Regent: A Language for Implicit Dataflow Parallelism

Tuesday, December 22, 2015

Programming

Regent is a research programming language which extracts implicit dataflow parallelism from code written in an imperative and (apparently) sequential semantics.

How does this work? Let’s jump right into an example:

task main()
  var a, b, c = ...
  t1(a, b)
  t2(b, c)
end

Here, t1 and t2 are tasks—think of them as functions in the usual imperative sense of the word. Tasks can even mutate their arguments, just like normal imperative code. Conceptually, Regent code runs sequentially, so you can run through the logic in your head by just reading the code top-to-bottom. Under the covers, the Regent implementation will take advantage of any parallelism it can find in the code. But any parallel execution is guaranteed to produce results identical to the original sequential semantics.

Internally, Regent discovers parallelism by computing a dataflow graph¹ for the program. If the arguments a, b and c are all distinct objects, for example, and if we suppose that t1 and t2 don’t modify b, then we’d get this dataflow graph:

Since t1 and t2 are independent in this graph (there is no path in the graph from one to the other), the two are able to run in parallel.

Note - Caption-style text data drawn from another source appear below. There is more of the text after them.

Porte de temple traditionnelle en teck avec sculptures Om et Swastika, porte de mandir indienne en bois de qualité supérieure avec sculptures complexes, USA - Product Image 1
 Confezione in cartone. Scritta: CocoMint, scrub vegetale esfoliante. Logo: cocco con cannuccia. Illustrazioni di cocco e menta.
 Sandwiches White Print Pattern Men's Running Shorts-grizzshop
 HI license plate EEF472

If instead t1 were to modify its argument b, then we’d get this graph:

And the two tasks would be forced to run sequentially.

This idea—of parallelizing imperative programs via a transformation to dataflow—is actually an old idea. For example, Jade from the early 1990s used this technique to great effect on then-current hardware, and the technique itself was known prior to that. The biggest differences between Regent and previous systems are in the type system and the (multiple) ways in which Regent is able to discover parallelism.

The Three Dimensions of Parallelism

In fact, Regent has multiple ways of discovering parallelism in a program. I like to think of these each as dimensions along which a program can be parallel. Tasks only need to be independent along a single dimension in order to run in parallel—the extra dimensions provide flexibility to ensure that a variety of parallel patterns can be described in the language.

1. Privileges

As we saw in the example above, if two tasks read but do not modify an argument, they can run in parallel. This leads us to an important aspect of the Regent programming model: privileges. Privileges describe the modes of usage for a given argument (read, write, etc.). In Regent, privileges are part of the type signature of a task:

task t1(a : region(T), b : region(T))
where reads(a, b), writes(a) do
  ...
end

(Regions are just abstract containers for data, and are described in detail below.)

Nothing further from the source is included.